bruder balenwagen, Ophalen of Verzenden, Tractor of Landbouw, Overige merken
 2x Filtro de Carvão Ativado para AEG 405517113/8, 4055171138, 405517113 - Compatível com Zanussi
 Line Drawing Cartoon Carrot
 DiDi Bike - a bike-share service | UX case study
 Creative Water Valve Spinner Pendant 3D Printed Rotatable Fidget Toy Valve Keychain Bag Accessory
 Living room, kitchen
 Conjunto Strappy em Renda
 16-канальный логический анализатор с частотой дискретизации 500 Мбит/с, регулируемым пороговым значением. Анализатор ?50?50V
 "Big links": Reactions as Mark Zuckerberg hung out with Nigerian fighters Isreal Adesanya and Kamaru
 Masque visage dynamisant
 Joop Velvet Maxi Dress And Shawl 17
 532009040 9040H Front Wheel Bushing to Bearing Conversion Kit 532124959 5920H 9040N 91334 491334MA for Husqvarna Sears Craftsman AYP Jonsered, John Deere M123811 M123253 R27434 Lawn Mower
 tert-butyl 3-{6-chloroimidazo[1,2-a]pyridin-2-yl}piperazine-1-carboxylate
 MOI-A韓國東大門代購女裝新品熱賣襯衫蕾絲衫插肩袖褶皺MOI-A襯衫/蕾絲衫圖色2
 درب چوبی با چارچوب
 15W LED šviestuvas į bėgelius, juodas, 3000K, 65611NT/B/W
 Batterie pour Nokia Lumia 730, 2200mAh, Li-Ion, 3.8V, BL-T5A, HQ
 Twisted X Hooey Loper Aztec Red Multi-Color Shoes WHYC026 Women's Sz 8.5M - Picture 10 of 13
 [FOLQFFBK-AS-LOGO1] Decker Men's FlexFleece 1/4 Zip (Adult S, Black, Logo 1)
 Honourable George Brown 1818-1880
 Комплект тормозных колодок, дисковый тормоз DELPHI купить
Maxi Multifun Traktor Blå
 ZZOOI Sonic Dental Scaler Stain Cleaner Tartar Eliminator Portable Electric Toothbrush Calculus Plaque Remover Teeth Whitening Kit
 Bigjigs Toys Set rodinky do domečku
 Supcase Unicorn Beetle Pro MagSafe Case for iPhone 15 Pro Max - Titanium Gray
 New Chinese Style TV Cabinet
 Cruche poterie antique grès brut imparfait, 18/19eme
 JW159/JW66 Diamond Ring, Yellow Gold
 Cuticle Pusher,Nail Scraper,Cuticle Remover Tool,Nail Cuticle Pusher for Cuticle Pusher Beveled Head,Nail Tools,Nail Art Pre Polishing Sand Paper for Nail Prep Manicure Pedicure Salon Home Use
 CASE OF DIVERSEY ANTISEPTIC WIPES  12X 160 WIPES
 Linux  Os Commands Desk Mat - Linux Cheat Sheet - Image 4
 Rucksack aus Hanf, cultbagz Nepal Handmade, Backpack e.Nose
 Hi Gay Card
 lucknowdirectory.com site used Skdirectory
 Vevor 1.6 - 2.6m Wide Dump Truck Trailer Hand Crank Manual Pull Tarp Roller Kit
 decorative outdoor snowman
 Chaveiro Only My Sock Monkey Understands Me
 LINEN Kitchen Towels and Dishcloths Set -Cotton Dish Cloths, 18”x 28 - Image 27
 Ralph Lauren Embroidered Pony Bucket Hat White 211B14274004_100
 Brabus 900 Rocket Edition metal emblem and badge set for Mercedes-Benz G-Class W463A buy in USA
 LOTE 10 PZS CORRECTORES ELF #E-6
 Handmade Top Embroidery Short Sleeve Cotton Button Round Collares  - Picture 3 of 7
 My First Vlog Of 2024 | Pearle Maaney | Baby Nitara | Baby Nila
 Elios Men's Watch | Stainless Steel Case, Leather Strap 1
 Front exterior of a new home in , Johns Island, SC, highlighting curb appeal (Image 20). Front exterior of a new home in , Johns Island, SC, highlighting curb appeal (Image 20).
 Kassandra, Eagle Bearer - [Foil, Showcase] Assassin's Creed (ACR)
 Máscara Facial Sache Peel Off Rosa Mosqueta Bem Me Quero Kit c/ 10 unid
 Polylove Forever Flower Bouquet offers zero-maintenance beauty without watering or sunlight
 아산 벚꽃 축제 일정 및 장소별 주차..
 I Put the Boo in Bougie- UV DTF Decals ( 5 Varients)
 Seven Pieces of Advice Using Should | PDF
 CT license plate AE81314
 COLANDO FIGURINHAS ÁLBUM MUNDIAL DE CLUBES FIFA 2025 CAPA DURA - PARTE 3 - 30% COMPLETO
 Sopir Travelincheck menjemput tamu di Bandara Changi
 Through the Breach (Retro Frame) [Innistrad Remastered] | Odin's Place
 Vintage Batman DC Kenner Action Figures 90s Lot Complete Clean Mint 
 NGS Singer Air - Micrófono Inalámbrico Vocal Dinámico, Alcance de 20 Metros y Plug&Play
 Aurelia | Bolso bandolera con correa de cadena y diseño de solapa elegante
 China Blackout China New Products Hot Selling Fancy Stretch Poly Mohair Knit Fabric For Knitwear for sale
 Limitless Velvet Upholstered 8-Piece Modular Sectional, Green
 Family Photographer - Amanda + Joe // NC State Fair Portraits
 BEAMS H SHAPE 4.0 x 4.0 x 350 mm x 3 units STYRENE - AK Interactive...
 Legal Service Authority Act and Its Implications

──────────────────────────────

EXERCISE:
The lines from the start of the entries above through the line containing "Conjunto Strappy em Renda" are the ones to return, please; copy them exactly and include both ends.

RESPONSE AREA:
bruder balenwagen, Ophalen of Verzenden, Tractor of Landbouw, Overige merken
 2x Filtro de Carvão Ativado para AEG 405517113/8, 4055171138, 405517113 - Compatível com Zanussi
 Line Drawing Cartoon Carrot
 DiDi Bike - a bike-share service | UX case study
 Creative Water Valve Spinner Pendant 3D Printed Rotatable Fidget Toy Valve Keychain Bag Accessory
 Living room, kitchen
 Conjunto Strappy em Renda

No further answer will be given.